Aynaya yansıyan yansımalarına bakarken Baran, beyaz tenlinin kulak memesini emmişti yavaşça. Arel'in elleri çıplak belini okşayan ellerin üzerinde yer alıyordu artık. Mavi gözlü olan gözlerini kahvelerle buluşturmuştu, yüz yüze bakıyorlardı. 

Gözleri tüm yaşadıkları duyguların sözcüsü olurken dudaklarının arasında olan az mesafeyi de kapatmışlardı. Arel kollarını Baran'ın boynuna sıkıca dolarken, Baran'ın elleri Arel'in sırtını okşuyordu. Dudakları bir yapbozun iki parçasıymış gibi uyumluyken gözleri kapanmış sadece hissettikleri duyguya yoğunlaşmışlardı.

Baran, sevgilisinin alt dudağı ile oyalanırken Arel ise onun üst dudağında can buluyordu. Çölde susuz kalmış ve ikisinin dudakları birbirine su olmuşçasına tutku ve duygu yoğunluğu ile öpüşüyorlardı. Sarı saçlı olan inlemesini esmerin ağzına bırakmıştı, ağzı aralandığı için Baran dilini sevgilisinin mağarasına itti. 

Dili her şeyi keşfetmek ister gibi ağzının her yerini turlarken Arel dillerini birbirine dolamıştı şimdi ise dilleri savaş halindeydi. 

Baran, Arel'i yatağa doğru ilerletecekken kapının alacaklı gibi çalması ile ayrılmışlardı. Esmer adam sinirle ellerini saçlarına geçiriyordu. 

Aşağıdan kapının açılma sesi ve ardından Esra'nın bağıran sesi duyulmuştu. "Şerefsiz Baran." 

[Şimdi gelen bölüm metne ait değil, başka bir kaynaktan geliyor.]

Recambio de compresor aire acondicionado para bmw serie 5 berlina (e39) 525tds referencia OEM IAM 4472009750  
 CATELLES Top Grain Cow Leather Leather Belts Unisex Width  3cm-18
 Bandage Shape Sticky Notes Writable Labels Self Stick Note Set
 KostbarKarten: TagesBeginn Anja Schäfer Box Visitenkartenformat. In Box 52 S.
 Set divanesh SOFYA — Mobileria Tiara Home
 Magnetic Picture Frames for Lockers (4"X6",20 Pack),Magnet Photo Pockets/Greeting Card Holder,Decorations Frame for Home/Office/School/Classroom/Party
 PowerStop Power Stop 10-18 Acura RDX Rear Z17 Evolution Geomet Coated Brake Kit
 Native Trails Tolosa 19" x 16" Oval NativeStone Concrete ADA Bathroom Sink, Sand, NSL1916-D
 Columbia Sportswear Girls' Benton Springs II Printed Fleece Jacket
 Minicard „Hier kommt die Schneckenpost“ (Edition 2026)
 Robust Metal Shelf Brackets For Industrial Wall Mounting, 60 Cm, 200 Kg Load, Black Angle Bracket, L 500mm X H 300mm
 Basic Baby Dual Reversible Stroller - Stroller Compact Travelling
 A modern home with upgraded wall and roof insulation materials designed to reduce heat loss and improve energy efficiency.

Arel kapıyı açacakken Baran kolundan tutup çekmişti. "Boş versene sabaha kadar kudursun dursun, sürekli sevişmemizi bölüp duruyor." bu söylediklerine gülerken kahve gözler onu göz hapsine almış, kaşlarını çatmıştı. "Neye gülüyorsun sen?"

"Bir türlü sevişemememize gülüyorum." 

"En iyisi benim evime taşınmamız olur gibi." Arel gözlerini büyütmüş ona bakıyordu.

"Senin evin mi var?" bu sefer gülümseyen kişi Baran'dı 

"Arel, ben zenginim ya evlerim var." kolunu cimcikleyen çocukla canı yanmıştı. "Sen paranla hava mı atıyorsun?"

"Uyusak mı aşkım, hem yarın önemli bir gün." yarın boşanma davası vardı ve Baran her şeyi istediği gibi ayarlamıştı, bir terslik olmazsa tek celsede boşanacaklardı. Arel kafasını onaylar bir biçimde sallayıp üzerini değiştirmek için banyoya girmişti, Baran ise odada değiştirmişti.